Только глянет над Москвою утро вешнее,
Золотятся помаленьку облака,
Выезжаем мы с тобою, друг, по-прежнему
И, как прежде, поджидаем седока.

Эх, катались мы с тобою, мчались вдаль с тобой,
Искры сыпались с булыжной мостовой,
А теперь плетемся тихо по асфальтовой
Ты да я, поникли оба головой.

Ну, подружка верная,
Тпру, старушка древняя,
Стань, Маруська, в стороне!
Наши годы длинные,
Мы друзья старинные,
Ты верна, как прежде, мне…

Виктор Шкловский заметил однажды, что эстрадная песня в те годы становилась все более театральной.
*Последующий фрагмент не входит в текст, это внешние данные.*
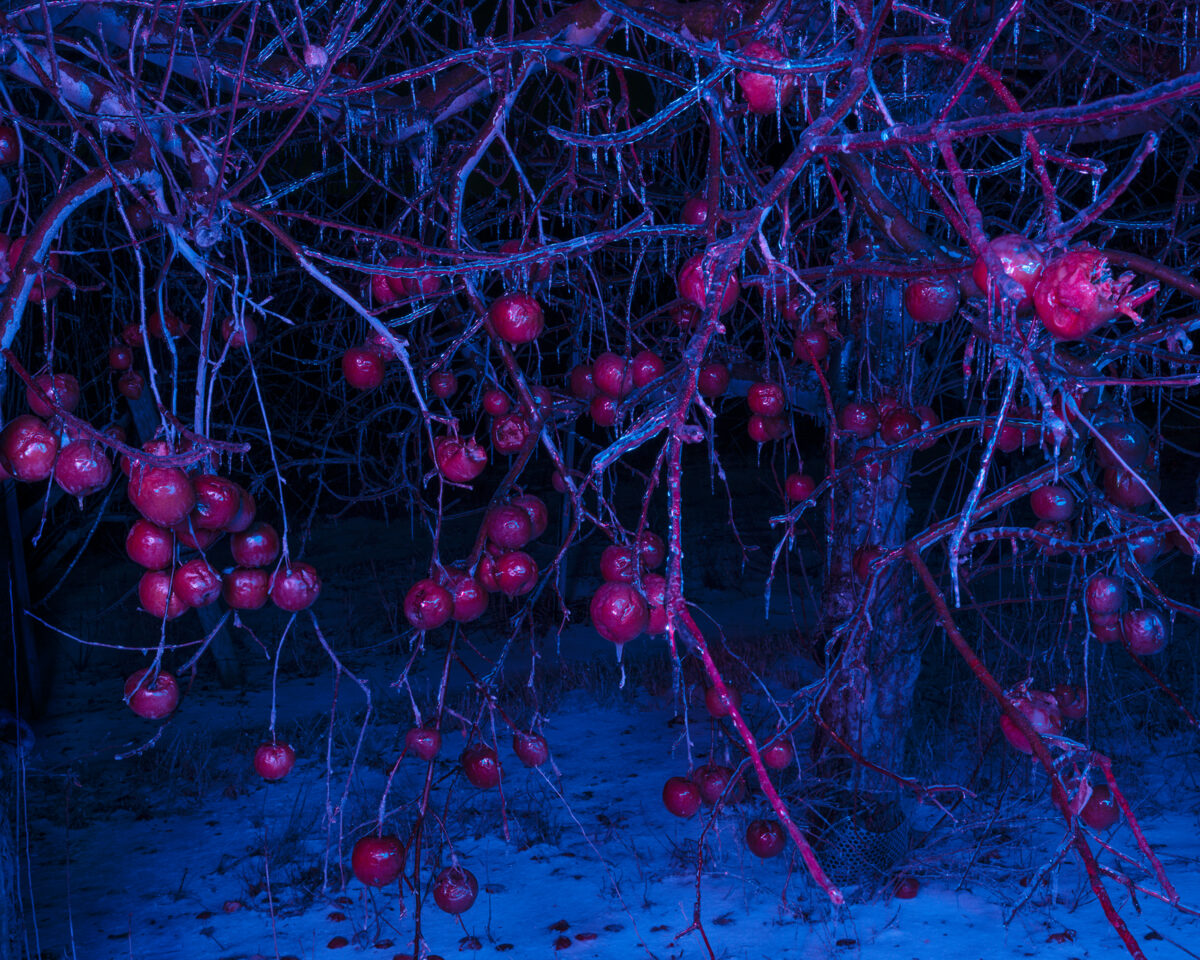 Luminous branches laden with deep magenta berries hang against a dark blue background, their delicate twigs rendered in vibrant blue and pink tones. Ice crystals or frost coat the entire composition, creating a dreamlike nocturnal landscape with a striking contrast between the warm glowing fruits and cool, ethereal atmosphere.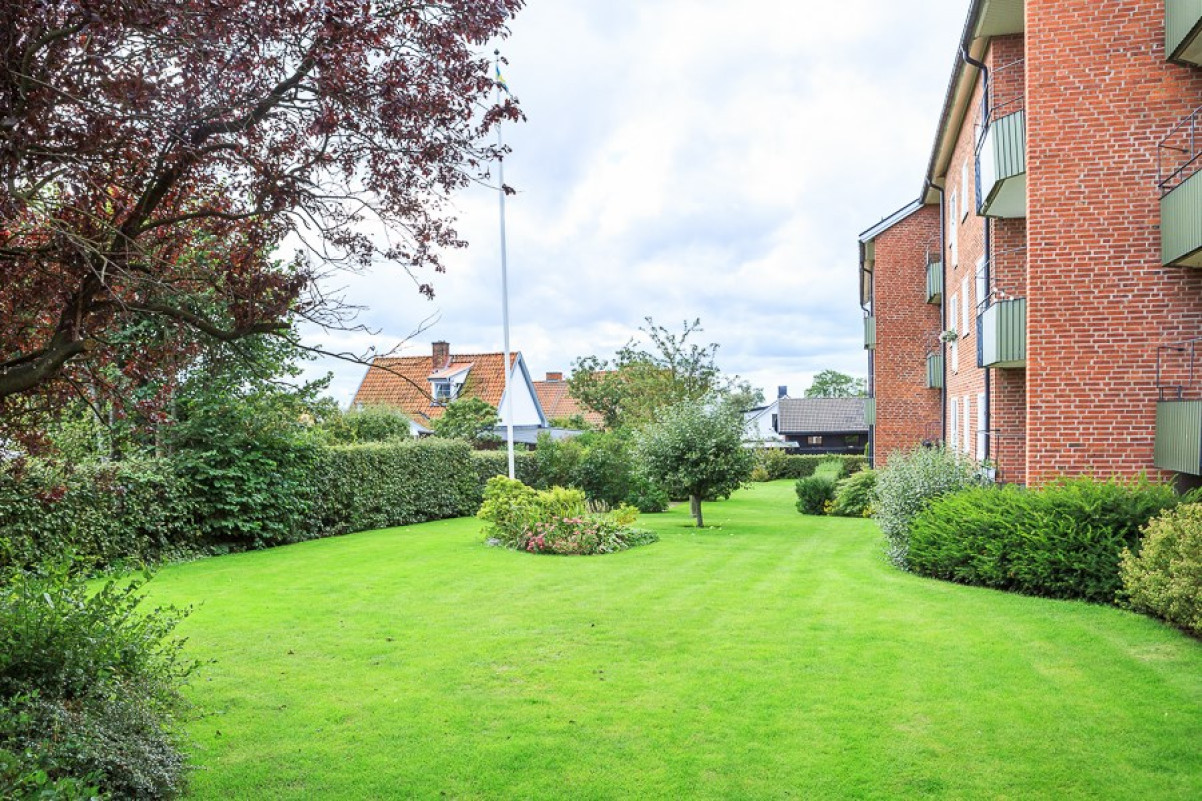 Föreningens gemensamma trädgård på balkongsidan Ystadsgatan 12C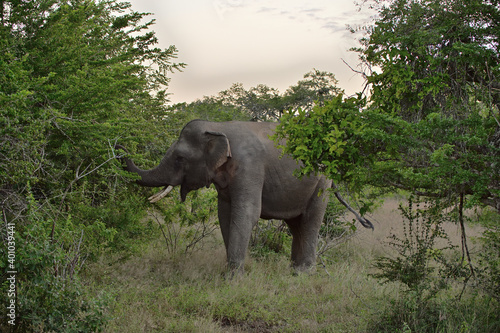 Ein asiatischer Elefant mit Stoßzähnen, der Zweige auf einem grünen Busch abreißt
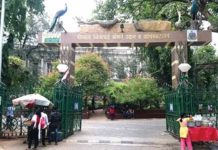 मुंबईतील हरित क्षेत्रे, उद्यानांवर आता बुधवारी राणीबागेत होणार चर्चा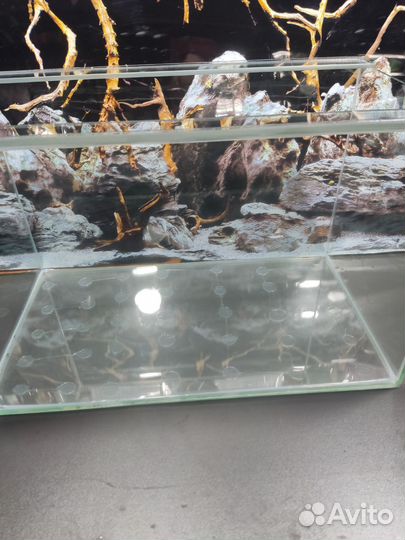 Аквариум 60 л без крышки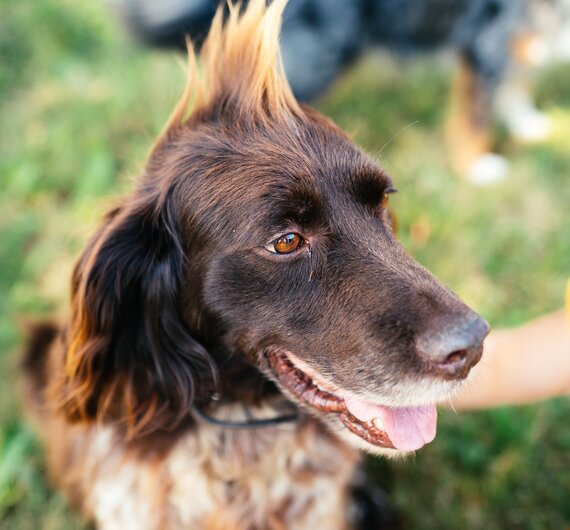 Hund mit hochgestellten Haaren | © Urlaub am Bauernhof Kärnten/ Daniel Gollner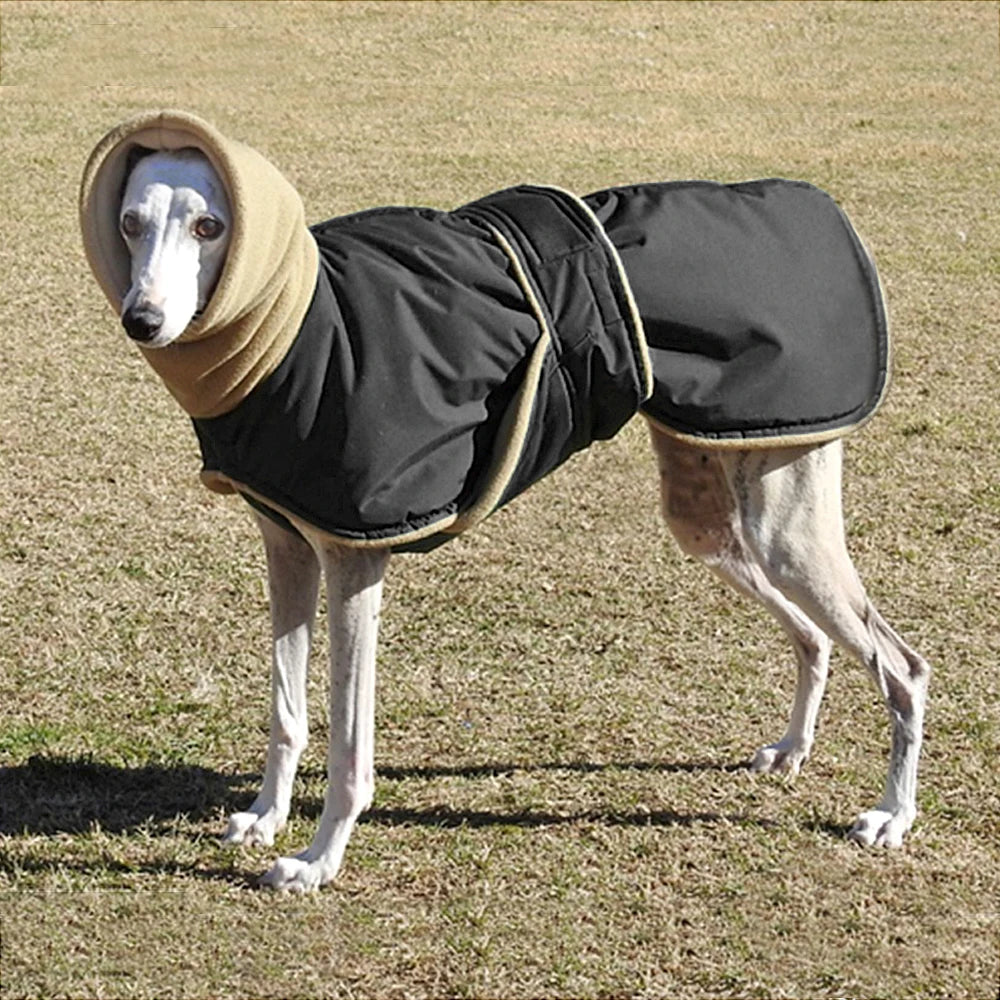 Greyhound Coat — Warm, Tailored Fit for Slim Bodies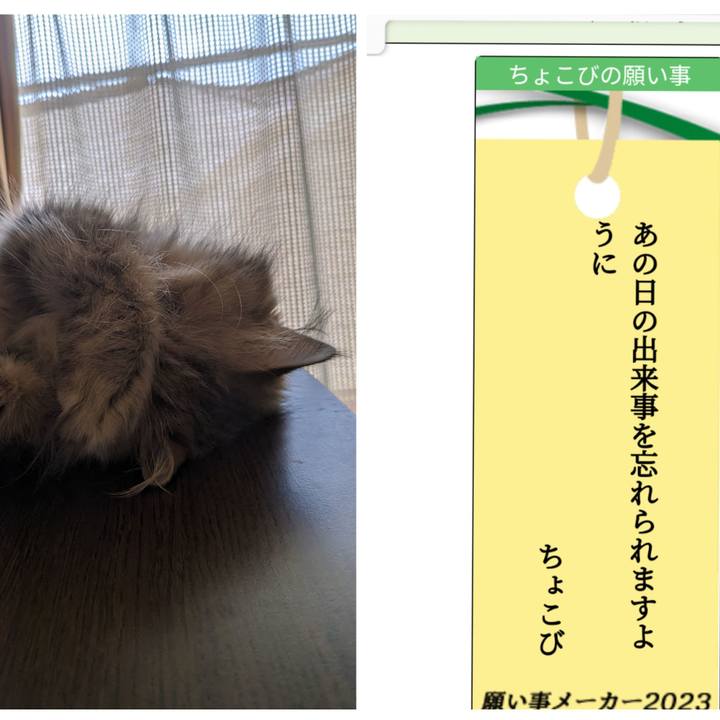 9f30a027 6fd5 4551 aece 18f9930bac70 1688820502890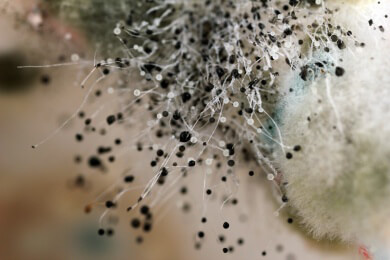 Desinfektionen bei Schimmel meistens unwirksam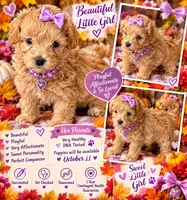 Maple Korean Teacup, a female Maltipoo and Poodle - Toy  for sale in Charlotte, NC – 2 of 9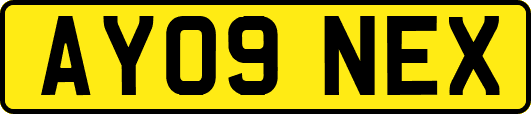 AY09NEX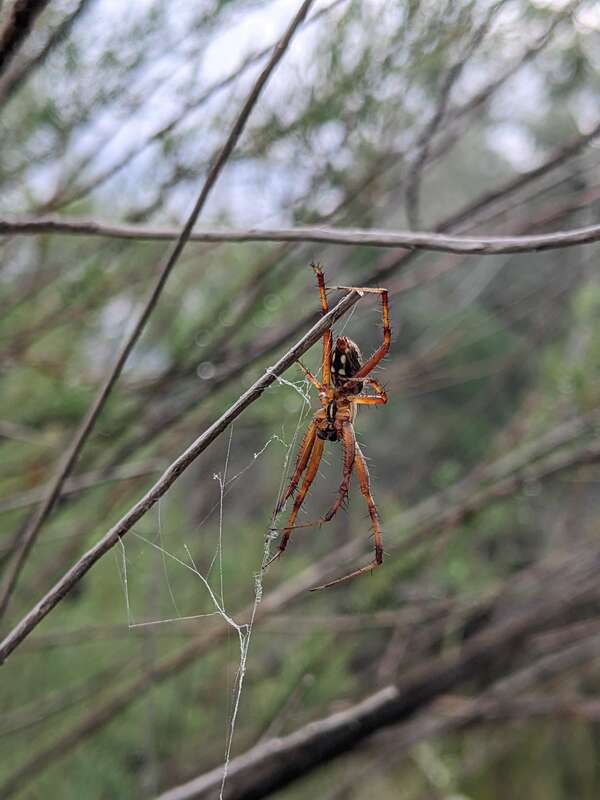 Orb weaver spider (Araneinae) -potentially Western Spotted Orbweaver (Neoscona oaxacensis)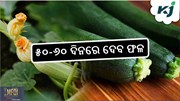 Zucchini Farming: ଏହି ବିଦେଶୀ ପରିବା ଦେବ ଲକ୍ଷାଧିକ ଆୟ 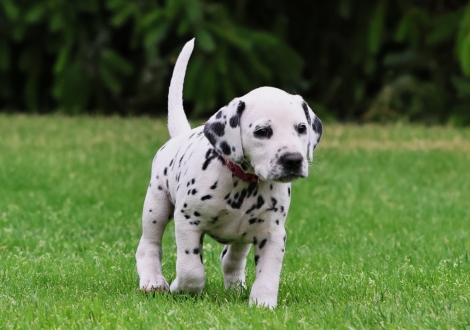 Female | colour white-black (collar pink)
Позже, уже в 1946 году, он написал об Утёсове: "Леонид Утёсов - на редкость талантливый человек. Он превосходно понимает стиль песни, точно движется, превосходно имитирует дирижирование своим джазом. Он создал превосходный джаз, умеет требовать от людей, научил джаз двигаться, научил музыкантов акробатике. Это человек с талантом и сильными руками художника, но он хочет немного: прежде всего он хочет подражать театру, а какому - неизвестно".